* Problem to work on *
Below are the records. Retype, exactly, the lines from the first through the line with "14K Rose Gold Flower Pendant - 34 mm", and leave out the pictures.
##### Data to process
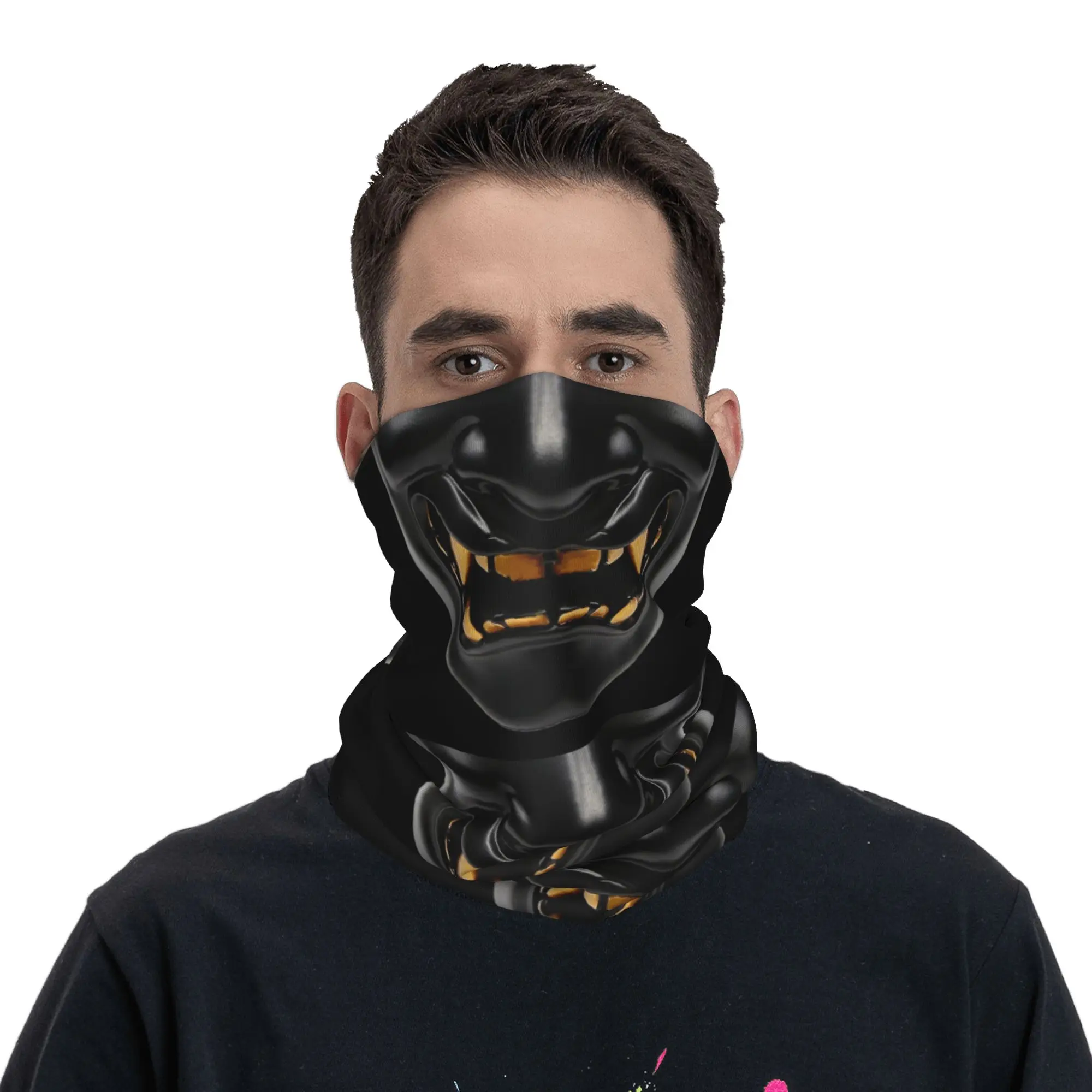 Balaclava cálida lavable para correr, con diseño de Oni, samurái oscuro, Hannya, demonio japonés, Yokai, máscara Grillz, pañuelo para el cuello, para adultos
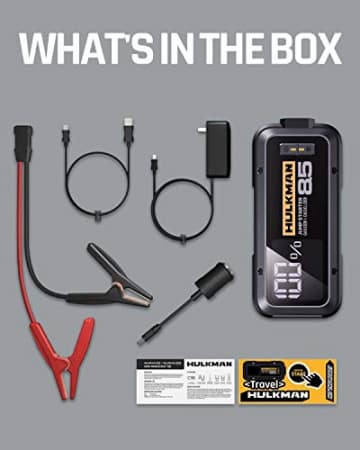 HULKMAN Alpha85S Jump Starter 2000 Amp 20000mAh Car Starter with Pre-Heat Tech Lithium Portable Car Battery Booster Pack for up to 8.5 Liter Gasoline and 6 Liter Diesel Engines - 8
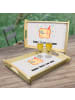 Mr. & Mrs. Panda Holztablett Toast Party mit Spruch in Grau Pastell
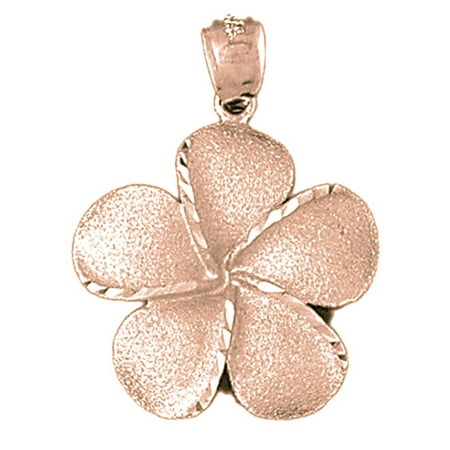 14K Rose Gold Flower Pendant - 34 mm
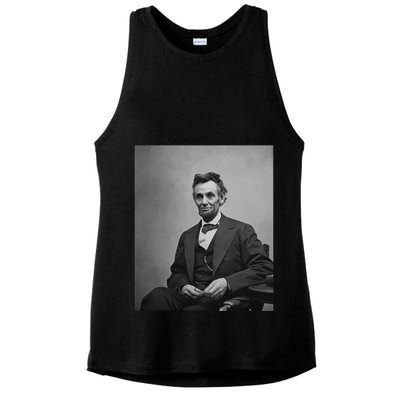 Abraham Lincoln Seated And Holding His Spectacles And A Pencil On Feb 1865 Ladies PosiCharge Tri-Blend Wicking Tank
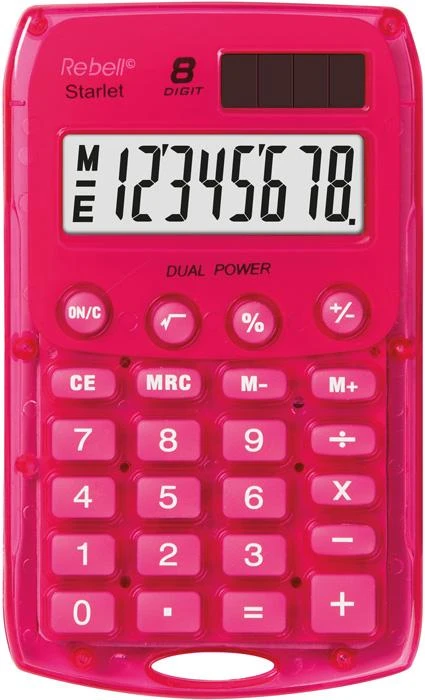 Rebell Calculator RE-STARLETP BX, rožinė, kišeninė, 8 vietos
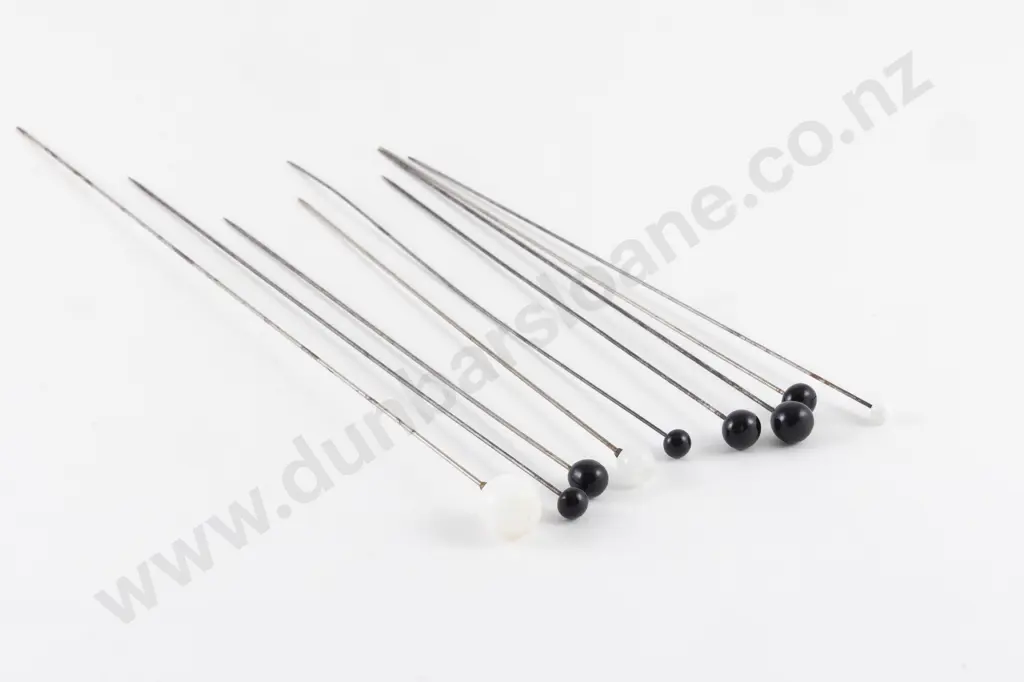 Nine Victorian Black and Milk Glass Ball Hat Pins Image 1++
##########
* Response to this exercise *
 Balaclava cálida lavable para correr, con diseño de Oni, samurái oscuro, Hannya, demonio japonés, Yokai, máscara Grillz, pañuelo para el cuello, para adultos
 HULKMAN Alpha85S Jump Starter 2000 Amp 20000mAh Car Starter with Pre-Heat Tech Lithium Portable Car Battery Booster Pack for up to 8.5 Liter Gasoline and 6 Liter Diesel Engines - 8
 Mr. & Mrs. Panda Holztablett Toast Party mit Spruch in Grau Pastell
 14K Rose Gold Flower Pendant - 34 mm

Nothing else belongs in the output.